Virgin Voyages branding is on point

Every space on their Valiant Lady ship had an identifying name, distinct feel, and submark or secondary logo that still felt unique to Virgin Voyages. Although it all felt unique, every touch point was excellent and consistent. 
Even the emails leading up to our trip talked to our identity as “sailors” instead of customers. The cheeky language and pun-filled copywriting was a huge plus, offering moments to surprise and delight customers before you ever got on board. Additionally, they expertly used color to give their brand personality and purpose, ensuring a memorable and cohesive experience throughout the journey.

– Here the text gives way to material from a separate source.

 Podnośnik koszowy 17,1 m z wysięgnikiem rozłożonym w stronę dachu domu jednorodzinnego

The lobby of "The Wake" restaurant aboard Virgin Voyages Valiant Lady ship, featuring a spiral art-deco inspired chandelier with encircled by a spiral staircase.
"The Wake" restaurant
A 50's themed "soda shoppe" with a black, white, and red styled wooden booths.
Our favorite spot to hangout, "The Social Club"
"Razzle Dazzle" restaurant

Although I know Virgin Voyages has millions of dollars to spend on branding and building a top-notch customer experience, there are some similar branding principles you can apply to your nonprofit. 

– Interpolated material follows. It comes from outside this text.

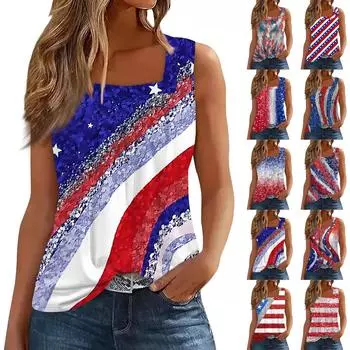 Женская майка, повседневная блузка без рукавов с принтом ко Дню независимости, модная блузка с квадратным воротником, летняя XL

Use submarks or secondary logos when…

      • You feel stuck with one logo that’s plastered EVERYWHERE

      • Your main logo doesn’t work on a small or large scale, or you need unique sizing
      • You have a strong brand and want to tap into recognition without saturation
      • Branding your monthly giving program or a group of supporters at different donation circles
      • Your programs serve varied audiences, i.e. appealing to youth vs. adults vs. seniors

    Submarks are one of the biggest logo design secrets no one talks about in our sector because the idea of “consistency” has been drilled into our heads for too long, when they actually can help your brand stand out.

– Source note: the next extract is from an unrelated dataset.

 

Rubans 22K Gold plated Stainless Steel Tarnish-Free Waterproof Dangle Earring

    Nonprofit submark example: Covered

    It’s solid and works at a small size, but because it’s so horizontal it doesn’t work very well in layouts like a social media profile icon or in an email signature.

    So I created submarks to work with this logo, yet still feel like the Covered brand. Here’s what they look like:

    Read the full Covered branding case study.

    How and where to use submarks depends on your audience touchpoints

    If your brand doesn’t have submarks right now, then consider where they could be helpful for you. By building off your current logo design you’ll save time and budget on a full redesign, but can look more polished by strategically using logos that fit specific space or purpose.

    Your one-size-fits-all logo may not work well in:

        • Website navigation: When you use the same logo that has an icon and tagline in it on social media, it’s too small to read in the main navigation.

        • Social media profiles: Most logos don’t resize to a square or circle crop very well, which can make your profile look unprofessional. Since your nonprofit’s name is right next to the image, use this opportunity to use your icon or brand color in the profile picture.

        • Merch: Generally, people don’t merchandise with just a logo. Use your brand tagline or style a pithy statement to print on a t-shirt or bag. It’s way cooler and will generate more interest and sales!

      Remember, your submarks should reflect your brand personality and feel like an extension of your existing style. These logos can also help inspire a cleaner take on logos for your programs or campaigns. It’s okay to let your nonprofit’s hair down and have some fun with it!

      I’m buzzing with ideas on how submarks can be incorporated into nonprofit branding, but what do you think? Where do you see opportunities for a submark to add that extra bit of joy and recognition to your brand presence?